Desde ya, para seguir en una visión crítica, es preciso buscar las tensiones que genera o las inconsistencias que pueda tener una política social inclusiva que llega a personas muy distintas y que quizá genere desconfianzas o recelos en otros sectores. Una pregunta es con qué otras herramientas el Estado aborda a los "ni-ni" que viven en condiciones de exclusión severas y muchos de ellos encuentran en el submundo de las drogas una expectativa o una realidad concreta para procurarse ingresos. Una política universal deberá seguramente tener que articularse con programas universales, de contención a sectores vulnerados por la vida narco o por otras tantas opciones que destruyen la subjetividad de los pibes.
Otro tema es que muchos jóvenes cuyos padres ganan más que un salario mínimo no dependen de la economía familiar y ya están independizados, por lo cual la autoridad de aplicación deberá contar con trabajadores sociales que hagan un informe para considerar muchos de estos casos.
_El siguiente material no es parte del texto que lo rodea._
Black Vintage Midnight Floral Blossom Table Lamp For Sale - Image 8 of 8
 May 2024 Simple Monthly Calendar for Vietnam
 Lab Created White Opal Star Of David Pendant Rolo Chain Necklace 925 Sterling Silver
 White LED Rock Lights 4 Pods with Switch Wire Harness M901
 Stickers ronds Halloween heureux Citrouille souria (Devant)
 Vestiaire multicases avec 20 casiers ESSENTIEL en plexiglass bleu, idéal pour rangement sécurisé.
Hay, seguramente, muchos otros asuntos. Y cabe preguntarse si es satisfactoria la respuesta. Porque 278 mil beneficiarios en regla sobre un universo potencial de 2 millones no parece ser mucho. De lo que no deben caber dudas es que estas políticas sociales son parte sustantiva de los derechos sociales. Es imprescindible que, de cara a 2015, nadie haga gambetas y que todos quienes se postulen hagan sus propuestas y digan claramente qué quieren continuar y qué quieren cambiar. Además, que dejen claro si consideran estas políticas como parte de los presupuestos ordinarios –como pueden ser salud, educación o seguridad– o creen que se trata de programas extraordinarios que sólo deben ser financiados si sobran recursos públicos. Porque, no faltan aspirantes a la Casa Rosada que pretenden dejar estas políticas como una colectora. Sería, quizá como una utopía, un gran debate parlamentario para sancionar leyes que sellen compromisos de cara al recambio presidencial.